Work instruction: Go through the records line by line. Report how many lines contain "Shipping", with nothing else.

Dataset entries:
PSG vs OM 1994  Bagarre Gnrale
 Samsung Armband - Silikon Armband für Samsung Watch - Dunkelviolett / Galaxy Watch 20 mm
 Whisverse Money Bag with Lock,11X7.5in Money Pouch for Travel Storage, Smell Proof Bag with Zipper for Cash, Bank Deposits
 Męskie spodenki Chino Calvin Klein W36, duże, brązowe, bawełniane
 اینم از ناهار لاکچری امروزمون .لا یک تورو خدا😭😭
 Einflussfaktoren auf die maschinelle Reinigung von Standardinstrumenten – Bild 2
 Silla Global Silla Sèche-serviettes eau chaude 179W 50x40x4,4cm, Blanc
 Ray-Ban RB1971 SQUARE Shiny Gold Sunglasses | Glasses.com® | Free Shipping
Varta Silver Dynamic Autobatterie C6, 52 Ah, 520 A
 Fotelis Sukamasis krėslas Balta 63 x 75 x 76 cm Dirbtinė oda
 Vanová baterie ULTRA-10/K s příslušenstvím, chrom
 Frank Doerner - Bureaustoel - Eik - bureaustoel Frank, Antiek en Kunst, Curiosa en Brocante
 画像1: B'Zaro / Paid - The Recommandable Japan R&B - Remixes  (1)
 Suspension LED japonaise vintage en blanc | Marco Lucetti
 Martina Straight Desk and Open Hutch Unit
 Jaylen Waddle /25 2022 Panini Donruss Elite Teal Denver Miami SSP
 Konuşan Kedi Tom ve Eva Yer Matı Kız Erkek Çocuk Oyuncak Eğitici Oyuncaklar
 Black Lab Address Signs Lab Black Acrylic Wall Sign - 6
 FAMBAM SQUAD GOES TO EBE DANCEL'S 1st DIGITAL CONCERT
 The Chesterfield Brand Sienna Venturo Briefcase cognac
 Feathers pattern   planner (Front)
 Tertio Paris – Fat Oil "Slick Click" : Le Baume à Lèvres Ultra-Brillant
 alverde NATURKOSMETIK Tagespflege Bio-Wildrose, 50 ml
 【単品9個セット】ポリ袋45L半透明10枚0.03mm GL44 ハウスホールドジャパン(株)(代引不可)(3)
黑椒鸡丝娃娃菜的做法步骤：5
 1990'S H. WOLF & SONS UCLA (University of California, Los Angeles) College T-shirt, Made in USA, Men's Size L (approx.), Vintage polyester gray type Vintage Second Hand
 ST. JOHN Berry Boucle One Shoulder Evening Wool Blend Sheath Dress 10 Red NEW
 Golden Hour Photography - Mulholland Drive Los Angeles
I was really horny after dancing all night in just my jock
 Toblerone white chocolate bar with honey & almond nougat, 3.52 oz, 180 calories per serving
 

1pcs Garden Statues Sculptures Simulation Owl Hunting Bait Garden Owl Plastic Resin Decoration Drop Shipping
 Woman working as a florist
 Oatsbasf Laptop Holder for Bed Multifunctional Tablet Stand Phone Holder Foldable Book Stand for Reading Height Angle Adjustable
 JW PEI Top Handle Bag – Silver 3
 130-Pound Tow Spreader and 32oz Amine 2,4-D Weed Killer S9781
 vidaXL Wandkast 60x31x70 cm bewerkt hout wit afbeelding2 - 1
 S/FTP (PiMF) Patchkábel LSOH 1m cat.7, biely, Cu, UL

Task solution: 2